Talking Point 1: Power Grid Overload & Costly Infrastructure Upgrades

Power grids were originally built for home appliances but now handle electric cars and high-power consumption devices. Traditional solutions lead to expensive infrastructure upgrades (new substations, power lines, etc.).

Inge and Dinesh explain how Volue uses data-driven insights to optimize power distribution without costly physical upgrades.

Talking Point 2: How Volue Uses Memgraph to Optimize the Power Grid

Memgraph helps model the power grid as a graph because it enables real-time monitoring and predictive analytics.

In the case of Volue, we have the so-called neighborhood-based energy balancing—users get incentives for shifting power usage to off-peak hours. With real-time analysis, you identify grid stress points and adjust consumption dynamically. Then, with machine learning forecasting, you predict load demand and can compensate energy users accordingly.

Talking Point 3: Why Traditional NIS Systems Were Not Enough

As you’ll see in the presentation, Dinesh and Inge compare two systems. Old systems proved to be slow and rigid and required costly reconfigurations when updating network data. The network topology in traditional databases is geometric-based and requires manual rebuilding when modified.
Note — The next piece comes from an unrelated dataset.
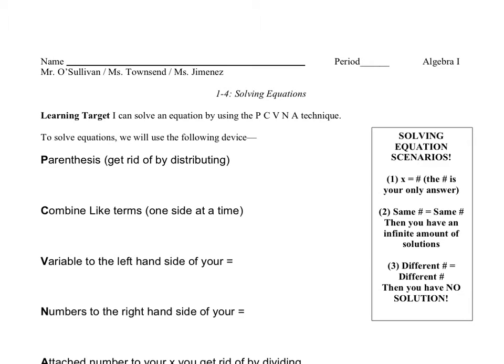Good morning, ladies. It's Mr. O'Sullivan. Today we're going to be doing our study of solving equations. This is going to be our first day of solving equations.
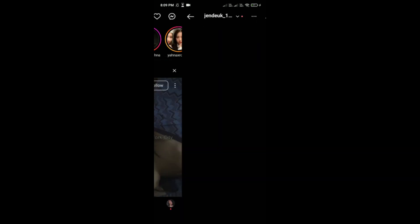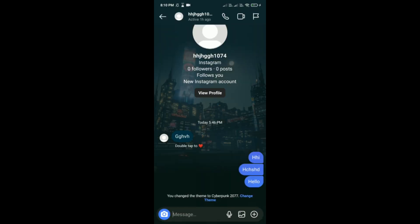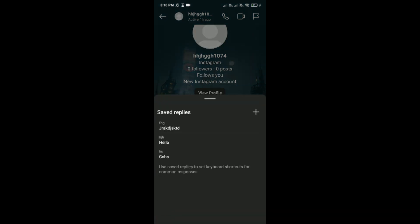Just simply tap on the chat whose replies you want to save. Tap on this plus icon and then tap on saved replies. Here you can see that I have saved these replies before.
Updating one part of the grid disrupted the entire system. For example, a minor network change could take hours to days to propagate in an NIS system.

It’s great that Memgraph models the power grid dynamically, eliminating the need for slow topology reconstructions.

Talking Point 4: Why Use Graph Databases?

Power grids are naturally graph-shaped networks; substations connect to transformers, and transformers distribute electricity to homes. The relationships between these elements matter more than the individual data points—which is why a graph database made perfect sense.

Initially, Volue experimented with JanusGraph + Gremlin, but this solution had a few drawbacks. Then they switched to Memgraph. Queries that took months to write in Gremlin were rewritten in an hour. Memgraph Lab proved to be the best visualization tool, making power grid analysis easier.

Talking Point 5: Deployment & Performance

Dinesh and Inge explain how Memgraph deployment was easy using one Docker container instead of multiple dependencies in Gremlin.

With Memgraph, they’ve got faster queries. Here are the numbers for comparison:

Downstream trace (power flow analysis) in milliseconds vs. ~2 seconds in NIS.
Connected trace (finding all linked nodes) is faster in Memgraph.
Memgraph’s in-memory architecture eliminates disk latency, making it significantly faster than Neo4j (disk-based) and JanusGraph.

Talking Point 6: Support & Collaboration with Memgraph

One of the most significant advantages Volue saw with Memgraph was great support and collaboration, direct communication via Slack and Discord, and fast responses, often within minutes. They also mentioned regular roadmap discussions to align Memgraph features with what Volue needed.

Conclusion

By adopting Memgraph, Volue transformed its power grid management system from a slow, rigid setup into a real-time, high-performance solution. Their success story demonstrates the power of graph databases in energy and utility management with intelligent power distribution.